> **PROVIDED DATA**
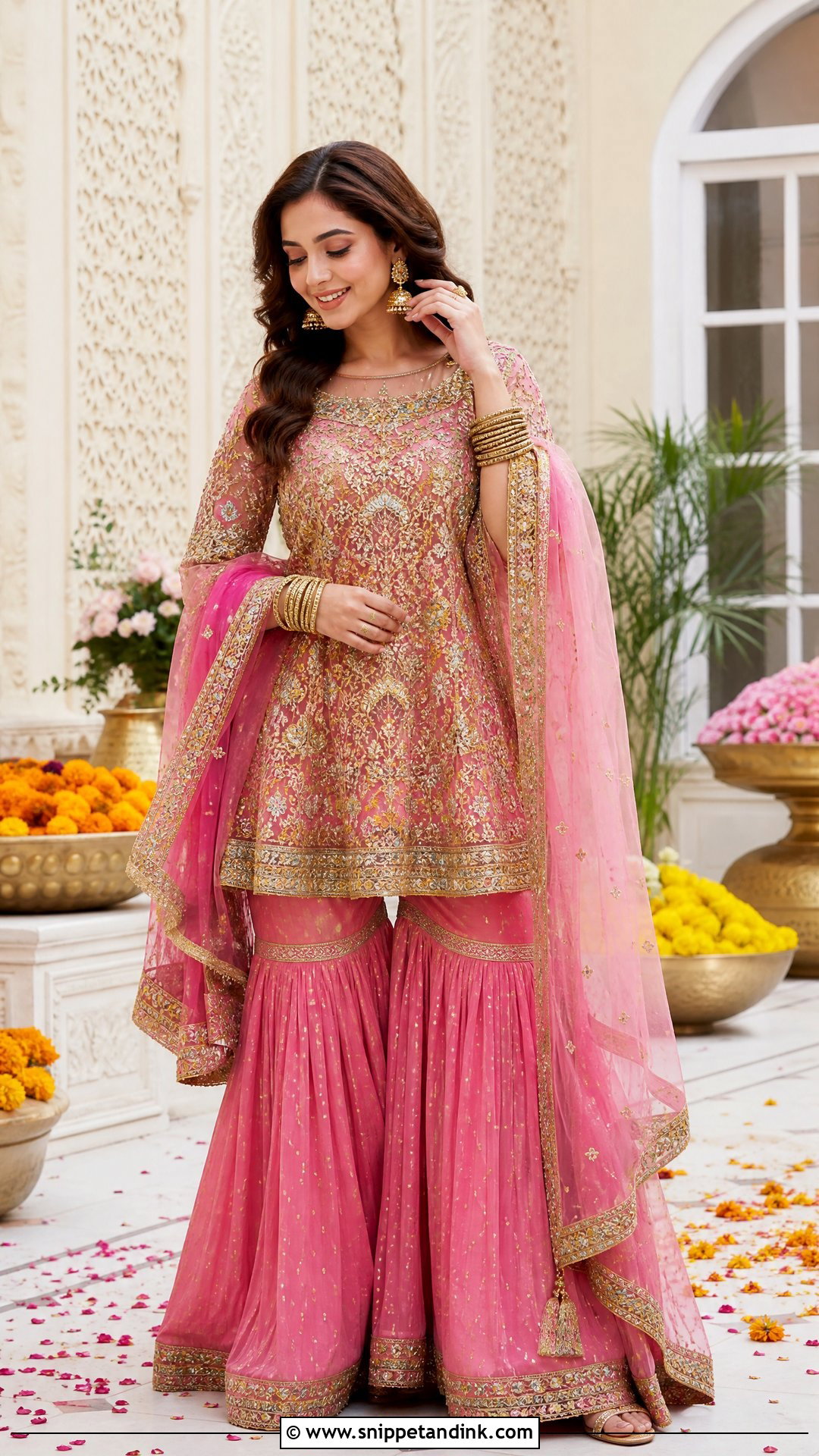 Traditional Marriage Sharara Suit Outfit - Snippet and Ink - 25 Traditional Marriage Outfit for Women Ideas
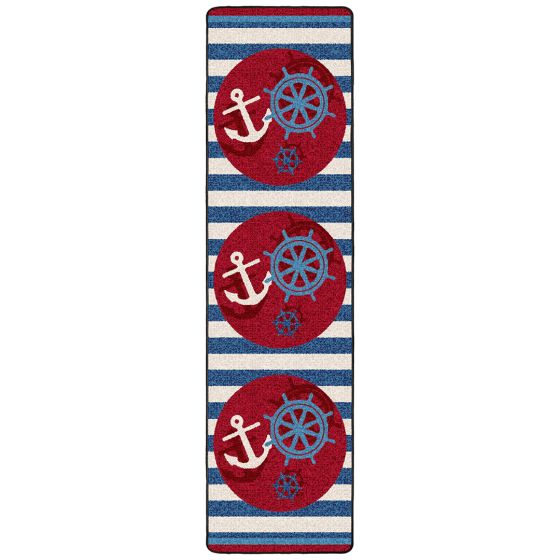 Ahoy There Rug - Nautical
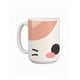 thumbnail image 1 of Taza de cerámica 445 ml diseño cute minimalista, 1 of 6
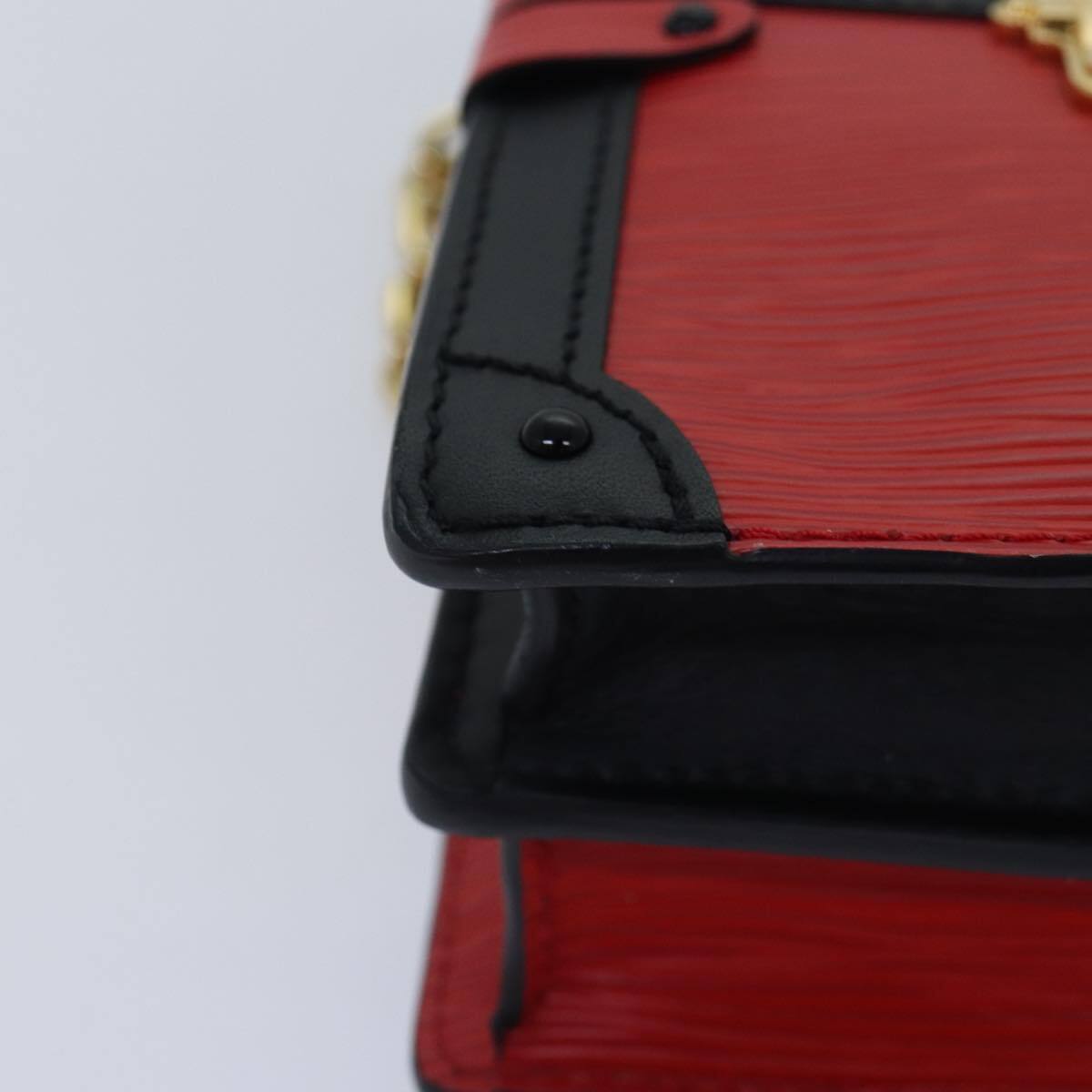 Louis Vuitton Trunk Clutch Epi Leather, RED, LEATHER, Clutche & pouche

> **WHAT THE TASK ASKS**
Apart from its pictures, the material above should be repeated exactly.

> **FINAL ANSWER**
 Traditional Marriage Sharara Suit Outfit - Snippet and Ink - 25 Traditional Marriage Outfit for Women Ideas
 Ahoy There Rug - Nautical
 thumbnail image 1 of Taza de cerámica 445 ml diseño cute minimalista, 1 of 6
 Louis Vuitton Trunk Clutch Epi Leather, RED, LEATHER, Clutche & pouche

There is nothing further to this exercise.